I am someone who misses things and people. I was born with the kind of hole in my heart that can't be fixed. Things get stuck in there. Playing music relieves it occasionally-- and ironically, love does not. It's kind of a reminder-- like a place where I can feel the sand falling through, the tide going out… some one else's pain waxing and waning. It may be my tragic flaw. It infuses everything I do and maybe it is a bit of a guarantee of failure. I have noticed the more successful of my friends don't feel so much anymore. My neighbor's new book was touted as brilliant and edgy… it was tough and skillful… but quite honestly it left me cold--- like house music. It lacked humanity. It was affectedly eccentric and plodding-- like still frames of a wave coming in… no fluidity or life. I didn't care. He didn't care. It was like a book-show. But it drew rave reviews.
Even my stepmother who suicided last summer-- she was tough. She was an artist. Still, I think in the end she feared her own heart. It was flooded, like mine often is--- when I see two people tearfully parting at a train station, or my friend kissing her husband goodbye in his coffin last month-- these things wreck me and displace me and some nights I can't find my way home. I miss everyone I ever loved and every bus driver and every wave I witnessed or did not witness on every shore of every country. I miss my old dogs who have passed on and I find it unbearable that the ones on the street now won't be here in a few years. I turn to my music and I think about BB, and Johnny, and John Lee-- not one of them seemed less than tough, but they were all singing about letting go and what was gone, long before they got old.
Everyone passes through here--- like an infantry of pathetic soldiers who have no control over their destiny, except they will not return, they will not.
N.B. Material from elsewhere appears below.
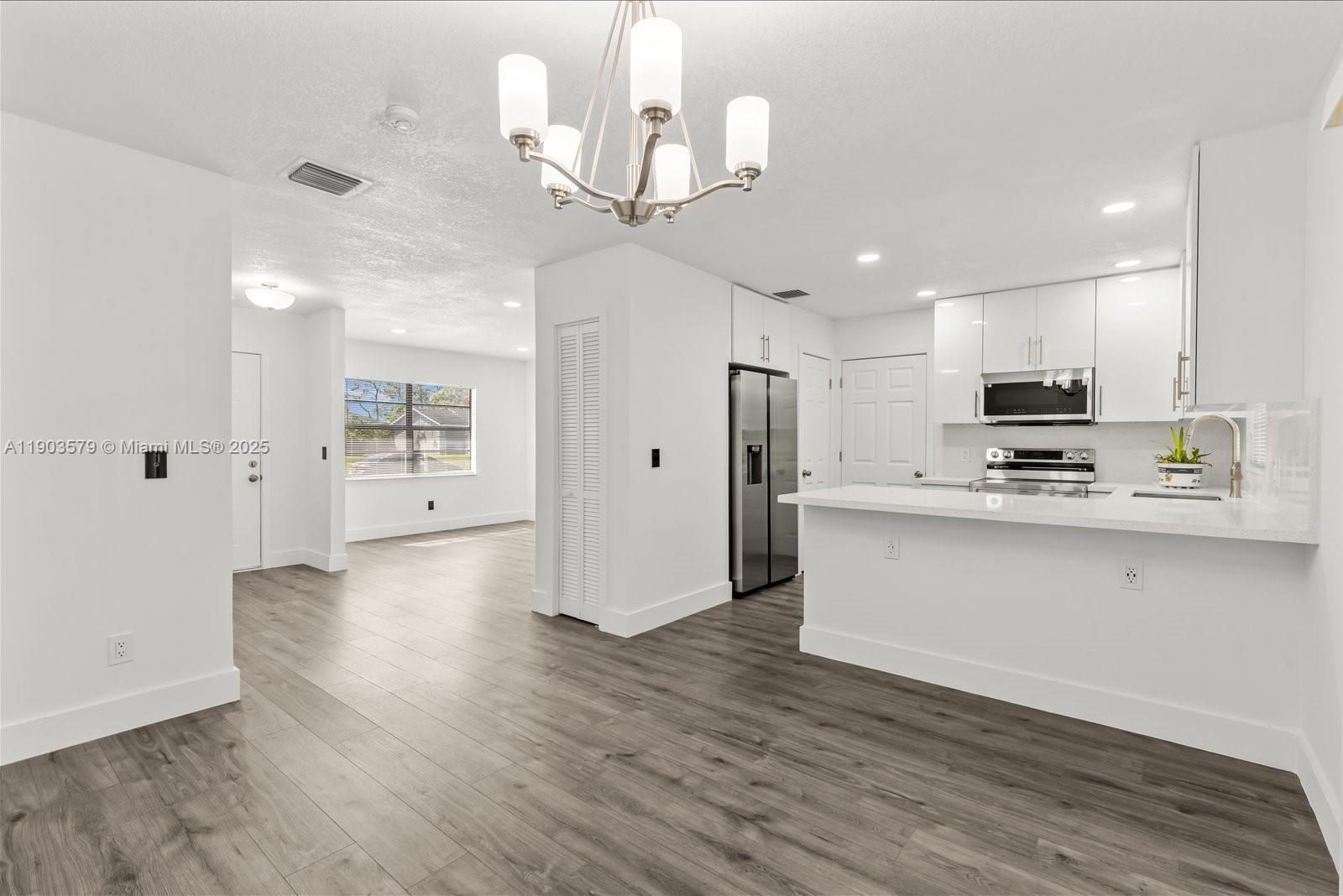 PORT ST LUCIE SECTION 28 - Residential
Gravestones, monuments, old scrapbooks… they remind... but the proverbial buck stops there.
I asked my son to reserve a bench in the park for me.. .so when I am gone, someone will maybe bring a book and read next to my name. Of course he won't do this, because he was born with a strong heart and knows that any bench-sitters will have an iPhone, or a can of beer and some fast food, or they will need a place to lie down and pass the night covered in trash bags and old newspaper. Raccoons will bring their garbage and pigeons will shit on it. For him the escaped animals in Georgia (he seemed to think it was the American south) were like a Carnival. Carnivals feel sad to me-- the people, the animals-- like the depression version of theatre and drama-- a sense of old cigarette smoke and sweaty T-shirts. Cheap food and paper money. The scent of failure hanging in the air with the popcorn and cotton candy.
My son is good at throwing things away-- at moving apartments, at not venturing too deeply into dangerous flood waters. At winning. He can knock over things with a baseball and win an armful of stuffed animals and then leave them on a bench. Maybe my bench.